[Records — start]

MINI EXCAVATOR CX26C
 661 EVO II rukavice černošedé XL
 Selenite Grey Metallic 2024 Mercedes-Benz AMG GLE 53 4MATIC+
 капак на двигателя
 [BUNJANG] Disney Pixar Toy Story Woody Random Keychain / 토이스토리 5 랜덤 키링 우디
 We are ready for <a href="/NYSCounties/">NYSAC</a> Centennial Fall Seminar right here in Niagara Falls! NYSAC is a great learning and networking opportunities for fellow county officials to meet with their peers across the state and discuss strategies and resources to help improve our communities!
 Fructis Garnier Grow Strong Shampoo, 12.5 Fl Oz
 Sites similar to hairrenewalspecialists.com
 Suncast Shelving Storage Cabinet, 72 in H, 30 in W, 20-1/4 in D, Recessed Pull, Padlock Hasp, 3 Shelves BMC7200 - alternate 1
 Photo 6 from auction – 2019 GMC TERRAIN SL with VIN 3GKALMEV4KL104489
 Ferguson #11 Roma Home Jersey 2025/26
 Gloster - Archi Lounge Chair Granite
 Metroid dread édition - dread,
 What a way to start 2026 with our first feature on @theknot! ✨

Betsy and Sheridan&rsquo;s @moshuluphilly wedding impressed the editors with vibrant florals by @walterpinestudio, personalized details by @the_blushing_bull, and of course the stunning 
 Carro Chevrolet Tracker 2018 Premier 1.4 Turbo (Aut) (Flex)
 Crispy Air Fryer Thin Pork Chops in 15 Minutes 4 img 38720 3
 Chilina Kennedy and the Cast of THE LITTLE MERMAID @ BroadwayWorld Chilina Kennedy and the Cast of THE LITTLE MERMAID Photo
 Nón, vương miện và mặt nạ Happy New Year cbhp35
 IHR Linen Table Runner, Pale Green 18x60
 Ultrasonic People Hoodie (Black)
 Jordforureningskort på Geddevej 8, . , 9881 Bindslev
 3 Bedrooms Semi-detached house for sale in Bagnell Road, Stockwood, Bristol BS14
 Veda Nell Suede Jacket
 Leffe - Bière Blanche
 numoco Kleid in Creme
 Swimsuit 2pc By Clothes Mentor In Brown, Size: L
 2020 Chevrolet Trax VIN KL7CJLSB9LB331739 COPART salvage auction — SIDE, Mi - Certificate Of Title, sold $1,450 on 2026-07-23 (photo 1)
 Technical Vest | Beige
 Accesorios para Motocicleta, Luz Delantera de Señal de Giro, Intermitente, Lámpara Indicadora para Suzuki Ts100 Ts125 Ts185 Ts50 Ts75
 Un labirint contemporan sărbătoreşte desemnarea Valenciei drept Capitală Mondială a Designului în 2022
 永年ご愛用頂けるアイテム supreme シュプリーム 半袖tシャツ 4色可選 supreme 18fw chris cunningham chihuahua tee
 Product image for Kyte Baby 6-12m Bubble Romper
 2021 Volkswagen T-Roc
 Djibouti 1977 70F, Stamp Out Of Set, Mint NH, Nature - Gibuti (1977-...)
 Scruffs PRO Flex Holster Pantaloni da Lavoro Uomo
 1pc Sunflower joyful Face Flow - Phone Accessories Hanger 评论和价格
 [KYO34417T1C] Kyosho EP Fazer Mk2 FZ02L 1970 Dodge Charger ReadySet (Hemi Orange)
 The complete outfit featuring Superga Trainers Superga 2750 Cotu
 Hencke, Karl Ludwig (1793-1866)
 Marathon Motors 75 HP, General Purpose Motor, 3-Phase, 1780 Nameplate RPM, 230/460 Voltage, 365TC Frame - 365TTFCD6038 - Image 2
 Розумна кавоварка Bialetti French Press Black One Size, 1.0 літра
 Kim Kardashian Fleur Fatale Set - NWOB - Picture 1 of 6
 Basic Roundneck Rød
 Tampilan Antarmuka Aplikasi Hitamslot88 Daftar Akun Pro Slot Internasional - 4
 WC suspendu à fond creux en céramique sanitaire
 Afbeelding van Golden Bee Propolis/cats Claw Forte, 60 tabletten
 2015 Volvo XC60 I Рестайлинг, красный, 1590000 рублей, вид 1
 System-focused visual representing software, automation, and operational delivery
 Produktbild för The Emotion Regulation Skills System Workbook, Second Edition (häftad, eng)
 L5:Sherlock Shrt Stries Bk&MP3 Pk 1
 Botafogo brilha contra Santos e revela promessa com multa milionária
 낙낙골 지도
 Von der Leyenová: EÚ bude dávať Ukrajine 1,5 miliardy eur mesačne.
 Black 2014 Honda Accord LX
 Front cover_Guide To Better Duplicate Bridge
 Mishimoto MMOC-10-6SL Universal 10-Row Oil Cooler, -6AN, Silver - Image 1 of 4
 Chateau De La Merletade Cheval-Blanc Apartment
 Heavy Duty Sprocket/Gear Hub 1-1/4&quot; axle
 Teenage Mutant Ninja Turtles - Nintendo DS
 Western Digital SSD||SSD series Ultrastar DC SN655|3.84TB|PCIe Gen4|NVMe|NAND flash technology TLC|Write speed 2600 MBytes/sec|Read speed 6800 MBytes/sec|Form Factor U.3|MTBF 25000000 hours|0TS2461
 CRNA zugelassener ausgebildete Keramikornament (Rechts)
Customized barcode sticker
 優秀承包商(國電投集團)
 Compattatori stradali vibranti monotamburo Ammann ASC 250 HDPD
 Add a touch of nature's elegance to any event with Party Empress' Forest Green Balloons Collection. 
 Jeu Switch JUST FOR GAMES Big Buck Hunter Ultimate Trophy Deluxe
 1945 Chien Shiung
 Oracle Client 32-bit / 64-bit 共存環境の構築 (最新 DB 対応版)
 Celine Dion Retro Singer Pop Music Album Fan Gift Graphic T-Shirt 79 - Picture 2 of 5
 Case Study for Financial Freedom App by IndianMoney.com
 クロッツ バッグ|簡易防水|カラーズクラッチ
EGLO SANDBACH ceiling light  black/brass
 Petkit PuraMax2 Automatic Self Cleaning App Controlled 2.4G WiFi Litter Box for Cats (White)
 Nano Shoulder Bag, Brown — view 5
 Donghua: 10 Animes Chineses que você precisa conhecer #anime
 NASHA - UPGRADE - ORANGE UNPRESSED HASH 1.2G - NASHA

[Records — finish]

▸ **Activity**:
Find each line holding the string "Picture" in the listing above, then copy it.

▸ **Solution**:
 Kim Kardashian Fleur Fatale Set - NWOB - Picture 1 of 6
 Celine Dion Retro Singer Pop Music Album Fan Gift Graphic T-Shirt 79 - Picture 2 of 5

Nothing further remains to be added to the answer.